Common uses include:
- Cleaning "dirty data" prior to indexing. This can significantly improve the search experience by removing false-positives
- Extracting metadata from source content to drive search navigation
- Enriching content through entity extraction or categorization to drive search features
- Organizing metadata for results sorting by property (price, distance, date, department, etc.)
- Filtering content before indexing. In other words, being selective about what is allowed into the search index
- Splitting large documents into "sensibly searchable units"
- Aggregating content from multiple sources into "virtual documents" for indexing purposes
SEARCH ENGINE INDEPENDENCE
We have a number of customers who have built custom search applications with Aspire, where a primary customer motivation is to gain search engine independence. For example:
- Customers who know that within a few years they will migrate to a new search engine. Using Aspire, much of the customization investment in the current system can be reused with the new search engine, when the time comes to move, avoiding cost and providing continuity of service
- Customers running multiple search engines can save money by consolidating content processing into a single, independent framework
- Customers using legacy systems such as Verity K2 or RetrievalWare who have invested a significant amount of effort into custom code. Using Aspire, we help customers to capture this investment into Java - the most widely used programming language - as a stepping stone for moving to a new search engine
- To create search engine independent data connectors for important content repositories
Sometimes, large search projects fail because of "complexity creep". Evolving user demands and ever-changing data sets cause patch after patch to be added to index pipeline code. This eventually becomes unmanageable.
This content processing framework was designed to mitigate complexity through providing transparency into processes and a componentized approach to application design. Individual components can be built, tested, deployed and upgraded in isolation.
It is thread-safe, multi-threaded, and supports distributed processing. Its architecture enables index-pipeline bottlenecks to be mitigated. The result is a highly scalable system in terms of both latency and throughput. This benefits search applications where close-to-real-time indexing is needed, or where data volumes are very large.
HIGHLY CUSTOMIZED SEARCH SOLUTIONS
Where practical and affordable, customers prefer to use commercial off-the-shelf software. Usually, some configuration or customization of COTS systems is necessary and the degree of customization required depends on the environment and the customers' specific needs:
- How diverse / incompatible / poor quality / fast evolving are the content sources?
- How diverse are the users' requirements?
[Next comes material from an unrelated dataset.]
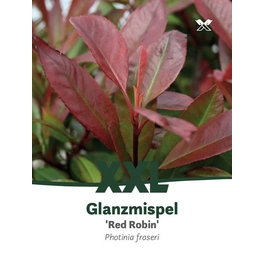 Rote Glanzmispel, Photinia fraseri »Red Robin«, Blätter: grün, Blüten: weiß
Some users may be very specialized, while others "just want it to work like Google"
- How complex is the security regime?
- How many "exceptions" need to be handled? Experienced builders of enterprise search systems understand that managing exceptions is time-consuming and potentially problematic, regardless of which search engine is being used
Aspire content processing appeals to experienced enterprise search implementers who know that managing processes efficiently, over the lifetime of the system, is the key to ROI. Aspire provides a flexible, agile and pragmatic alternative for building highly customized search applications on the leading search engines.
THE INFORMATION ACCESS LAYER
Some customers see advantages in developing an independent information access layer which serves not only search, but also content management, business insight and other "big data" applications that consume unstructured content. The content processing necessary to support search applications - cleaning, enriching and normalizing - serves these other applications equally well.